Und wir haben Wort gehalten: Eine zumutbare Parkraumbewirtschaftung ist wieder eingeführt und die Einnahmen kommen anderen Projekten zugute.

– Wir haben versprochen, die Grünen Finger in Osnabrück zu schützen, denn sie bedeuten gute Luft und Naherholung. Wir sind stolz darauf, flächenfressende Bauvorhaben wie das an der Knollstraße im Papierkorb versenkt oder zumindest drastisch beschnitten zu haben.

– Wir haben massiv kritisiert, als die abgewählte Ratsmehrheit das von uns eingeführte Begrüßungsgeld für nach Osnabrück gezogene Studierende abgeschafft hat. Wir haben es wieder eingeführt und damit Bevölkerungsentwicklung und städtische Einnahmen gleichermaßen verbessert.

– Wir haben schon im Wahlkampf versprochen, den Osnabrück-Pass“ im Interesse vieler Mitbürger zu verbessern, um sie mehr als zuvor an Bildung, Freizeit und Kultur zu beteiligen. Wir haben dann endlich nach langen Debatten erreicht, dass es mehr Empfänger als zuvor und dass es neue Leistungen für sie gibt.

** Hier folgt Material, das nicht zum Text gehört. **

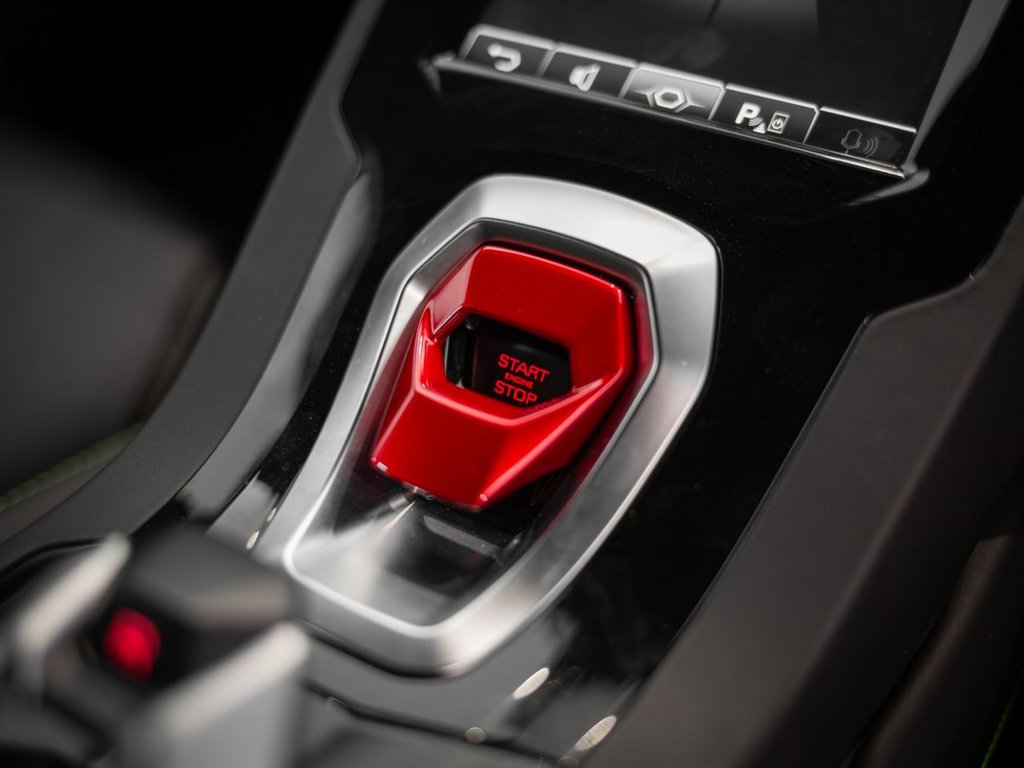 Used Lamborghini Huracan 2022 for sale - 76783399: Photo 49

– Wir haben versprochen, den Besuch von Kindertagesstätten attraktiver zu machen. Deshalb sind wir stolz darauf, die Beitragsfreiheit für Geschwisterkinder für Kindertagesstätten und Krippen durchgesetzt zu haben – nebenher blieben auch die Beiträge annähernd stabil.

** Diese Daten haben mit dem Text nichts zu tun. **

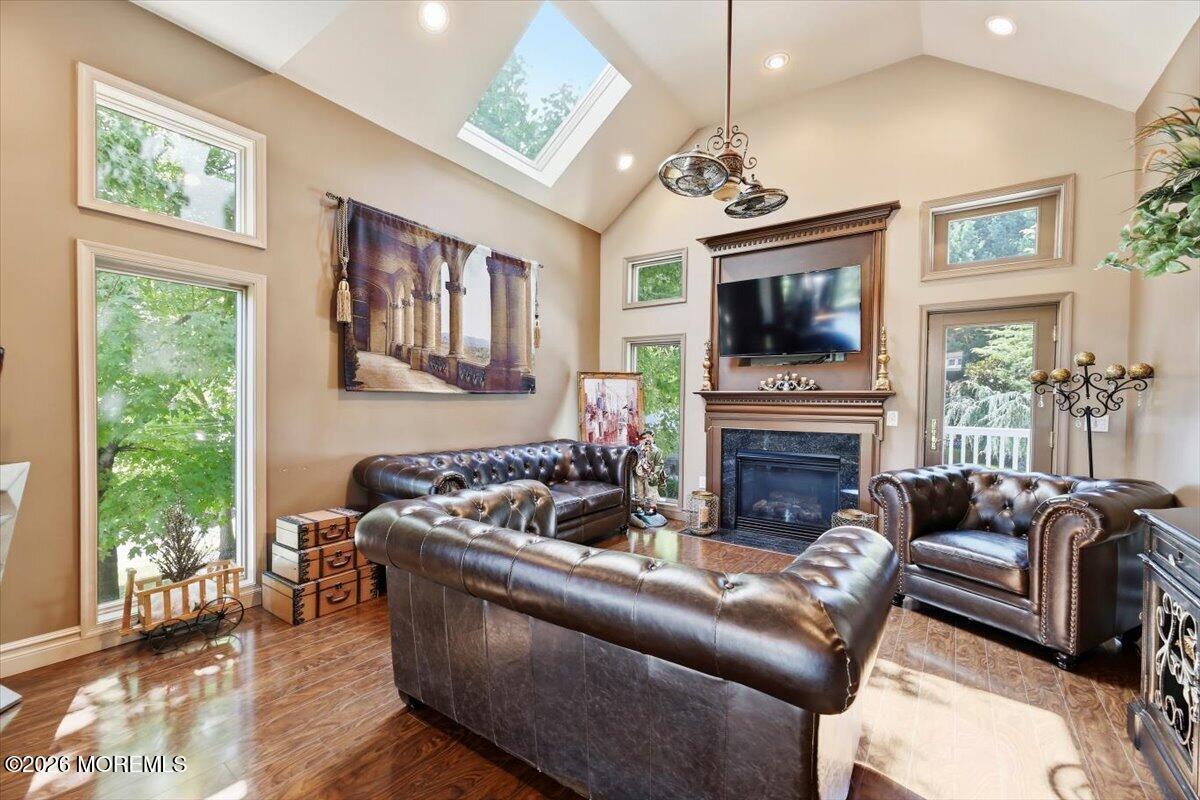 9 Landmark Lane, Marlboro, NJ, 07746 image 36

– Wir waren empört, als CDU und FDP das Kinderbüro abschafften. Wir haben es wieder eingerichtet.

Apropos Kinder: Wo immer uns die Menschen danach fragten, haben wir ihnen gesagt, dass uns mehr Gesamtschulen am Herzen liegen. Jetzt dürfen wir ab August stolz sein, wenn die zweite, diesmal Integrative Gesamtschule, im Stadtteil Eversburg an den Start geht.

Die große Zustimmung zeigt uns, dass diesem Beispiel gern noch weitere folgen dürfen.

– Im Kulturbereich war es uns stets ein Herzensanliegen, die Highlight- oder Biedermeier-Kultur von Konservativen und Liberalen zu beenden und ein neues offenes Klima zu schaffen.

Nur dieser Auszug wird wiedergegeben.